## Task directions
Using the entries below, return word for word the lines from the one containing "Tableau & affiche" up to and including the last.

## Records supplied

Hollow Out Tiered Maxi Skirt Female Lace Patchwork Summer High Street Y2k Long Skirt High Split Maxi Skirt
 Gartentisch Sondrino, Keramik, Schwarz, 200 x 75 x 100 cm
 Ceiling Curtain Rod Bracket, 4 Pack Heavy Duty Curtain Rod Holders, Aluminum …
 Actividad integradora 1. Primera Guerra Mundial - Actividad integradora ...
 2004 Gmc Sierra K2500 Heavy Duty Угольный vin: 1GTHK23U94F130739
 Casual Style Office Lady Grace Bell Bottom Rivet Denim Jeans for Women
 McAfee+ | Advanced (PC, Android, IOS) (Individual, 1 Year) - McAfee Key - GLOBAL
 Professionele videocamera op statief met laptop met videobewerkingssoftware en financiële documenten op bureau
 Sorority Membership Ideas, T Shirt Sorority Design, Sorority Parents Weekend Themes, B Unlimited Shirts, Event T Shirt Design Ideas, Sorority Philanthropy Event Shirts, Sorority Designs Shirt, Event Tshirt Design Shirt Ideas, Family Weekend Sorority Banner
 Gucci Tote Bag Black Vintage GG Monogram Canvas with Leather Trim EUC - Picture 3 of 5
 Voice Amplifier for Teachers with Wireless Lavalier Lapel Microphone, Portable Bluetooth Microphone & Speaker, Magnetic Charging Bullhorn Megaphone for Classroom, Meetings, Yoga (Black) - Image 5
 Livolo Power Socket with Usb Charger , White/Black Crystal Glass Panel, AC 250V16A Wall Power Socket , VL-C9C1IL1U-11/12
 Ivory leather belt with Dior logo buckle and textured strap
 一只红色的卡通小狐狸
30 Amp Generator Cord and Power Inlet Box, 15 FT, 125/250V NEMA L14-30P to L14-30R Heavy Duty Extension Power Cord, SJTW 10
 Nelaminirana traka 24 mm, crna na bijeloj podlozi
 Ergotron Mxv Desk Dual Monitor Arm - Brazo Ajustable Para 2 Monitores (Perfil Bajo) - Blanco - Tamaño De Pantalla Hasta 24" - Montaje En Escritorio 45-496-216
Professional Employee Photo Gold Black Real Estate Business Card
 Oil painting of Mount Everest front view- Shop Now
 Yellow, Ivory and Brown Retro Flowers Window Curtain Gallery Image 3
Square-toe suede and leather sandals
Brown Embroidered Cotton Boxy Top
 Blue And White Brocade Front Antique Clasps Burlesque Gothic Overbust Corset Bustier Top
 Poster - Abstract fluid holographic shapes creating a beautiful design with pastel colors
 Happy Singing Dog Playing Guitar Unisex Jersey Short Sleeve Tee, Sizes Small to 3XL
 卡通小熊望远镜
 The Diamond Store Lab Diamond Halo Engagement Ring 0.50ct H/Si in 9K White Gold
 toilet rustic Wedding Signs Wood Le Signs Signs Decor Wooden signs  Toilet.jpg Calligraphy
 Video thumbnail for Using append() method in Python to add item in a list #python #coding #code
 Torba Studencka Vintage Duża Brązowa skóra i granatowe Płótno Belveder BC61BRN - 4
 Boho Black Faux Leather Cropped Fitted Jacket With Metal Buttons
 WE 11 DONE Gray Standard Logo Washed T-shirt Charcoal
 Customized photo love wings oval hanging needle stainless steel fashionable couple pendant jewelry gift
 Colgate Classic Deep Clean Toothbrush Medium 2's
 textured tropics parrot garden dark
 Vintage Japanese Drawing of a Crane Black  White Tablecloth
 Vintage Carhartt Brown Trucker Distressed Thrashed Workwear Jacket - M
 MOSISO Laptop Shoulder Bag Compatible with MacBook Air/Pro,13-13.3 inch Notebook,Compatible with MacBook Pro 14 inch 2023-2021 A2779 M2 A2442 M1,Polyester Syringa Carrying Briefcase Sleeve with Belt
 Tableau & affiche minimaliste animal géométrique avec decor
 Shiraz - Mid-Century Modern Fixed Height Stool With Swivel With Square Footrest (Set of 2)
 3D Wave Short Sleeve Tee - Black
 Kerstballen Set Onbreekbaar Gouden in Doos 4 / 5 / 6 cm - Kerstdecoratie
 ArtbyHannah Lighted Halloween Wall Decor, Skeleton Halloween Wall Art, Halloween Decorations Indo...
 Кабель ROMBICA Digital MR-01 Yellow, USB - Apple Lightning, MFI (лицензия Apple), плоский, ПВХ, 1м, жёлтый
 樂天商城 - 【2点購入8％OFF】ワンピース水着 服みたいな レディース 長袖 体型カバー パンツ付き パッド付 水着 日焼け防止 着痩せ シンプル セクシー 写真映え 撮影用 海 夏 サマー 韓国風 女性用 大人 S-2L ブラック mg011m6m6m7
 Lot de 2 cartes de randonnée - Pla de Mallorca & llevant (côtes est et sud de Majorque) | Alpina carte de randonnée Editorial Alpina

## Solution to the exercise
 Tableau & affiche minimaliste animal géométrique avec decor
 Shiraz - Mid-Century Modern Fixed Height Stool With Swivel With Square Footrest (Set of 2)
 3D Wave Short Sleeve Tee - Black
 Kerstballen Set Onbreekbaar Gouden in Doos 4 / 5 / 6 cm - Kerstdecoratie
 ArtbyHannah Lighted Halloween Wall Decor, Skeleton Halloween Wall Art, Halloween Decorations Indo...
 Кабель ROMBICA Digital MR-01 Yellow, USB - Apple Lightning, MFI (лицензия Apple), плоский, ПВХ, 1м, жёлтый
 樂天商城 - 【2点購入8％OFF】ワンピース水着 服みたいな レディース 長袖 体型カバー パンツ付き パッド付 水着 日焼け防止 着痩せ シンプル セクシー 写真映え 撮影用 海 夏 サマー 韓国風 女性用 大人 S-2L ブラック mg011m6m6m7
 Lot de 2 cartes de randonnée - Pla de Mallorca & llevant (côtes est et sud de Majorque) | Alpina carte de randonnée Editorial Alpina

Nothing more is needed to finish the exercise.